Personal information
- Born: September 4, 1935 Renton, Pennsylvania, U.S.
- Died: February 15, 2020 (aged 84) Williamsburg, Michigan, U.S.
- Listed height: 6 ft 0 in (1.83 m)
- Listed weight: 187 lb (85 kg)

Career information
- High school: Plum (Plum, Pennsylvania)
- College: Wayne State (1953-1954) Michigan State (1955-1956)
- NFL draft: 1957 (5th round, 60th overall pick)

Career history
- Chicago Bears (1957–1960);

Career NFL statistics
- Interceptions: 8
- Fumble recoveries: 2
- Touchdowns: 1
- Stats at Pro Football Reference

= Vic Zucco =

American football player (born 1935)

Victor A. Zucco (September 4, 1935 – February 15, 2020) is an American former professional football player who was a defensive back for four seasons the Chicago Bears of the National Football League (NFL). He played college football for the Wayne State Warriors and Michigan State Spartans.

==Early life==
Zucco attended Plum Township High School in Unity, Pennsylvania, earning back-to-back Pittsburgh Sun-Telegraph All-Western Pennsylvania Interscholastic Athletic League (WPIAL) Class B honors in his junior and senior seasons. He also participated in basketball and track and field, winning the WPIAL Class B titles in the 100-yard dash, the 220-yard dash, and the broad jump in 1952.

==College career==
Zucco was convinced to attend Wayne State University by Dick Brown, a former quarterback on the football team who had transitioned into a role on the coaching staff. At Wayne State, Zucco won two letters in football and one in track and field. As a freshman in 1953, he set a new program record by rushing for 228 yards on 10 carries in a 33–13 victory over Washington University; he also tied the program record with three touchdown runs. Zucco led the Warriors in both rushing and total offense in both seasons, although his sophomore season was shortened due to injury. However, he withdrew from the school after the firing of the team's head coach, Lou Zarza.

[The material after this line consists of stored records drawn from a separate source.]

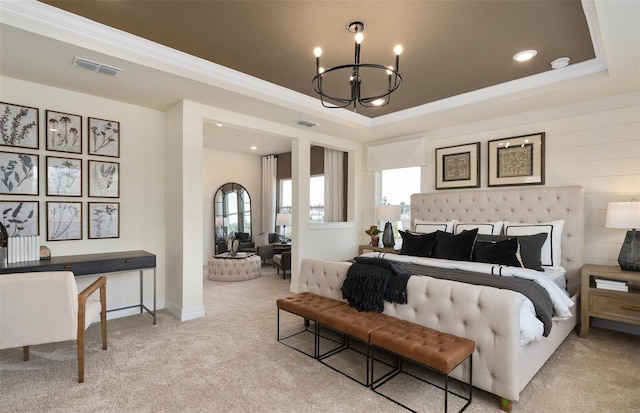 carpeted bedroom with visible vents, multiple windows, a tray ceiling, and a notable chandelier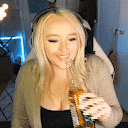a woman wearing headphones is drinking from a bottle while playing a video game .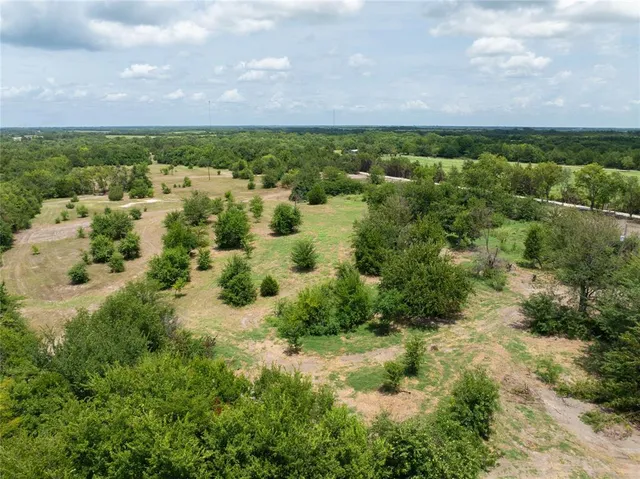 an aerial view of residential houses with outdoor space and trees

Zucco transferred to Michigan State University in 1955 after Wayne State joined the Presidents' Athletic Conference, whose members did not offer athletic scholarships. Due to Big Ten Conference rules, he was forced to sit out the year and instead spent the season with the scout team. In 1956, Zucco began the season playing mostly on defense for the Spartans, and earned more time on offense as the season went on. Zucco was selected to play both the North–South Shrine Game and the Senior Bowl. He recorded an interception in each game.

Zucco was inducted into the Wayne State Athletic Hall of Fame in 1990.

==Professional career==
Zucco was selected 60th overall by the Chicago Bears in the fifth round of the 1957 NFL draft. He was a four-year starter at defensive halfback and return specialist, retiring following the 1960 season.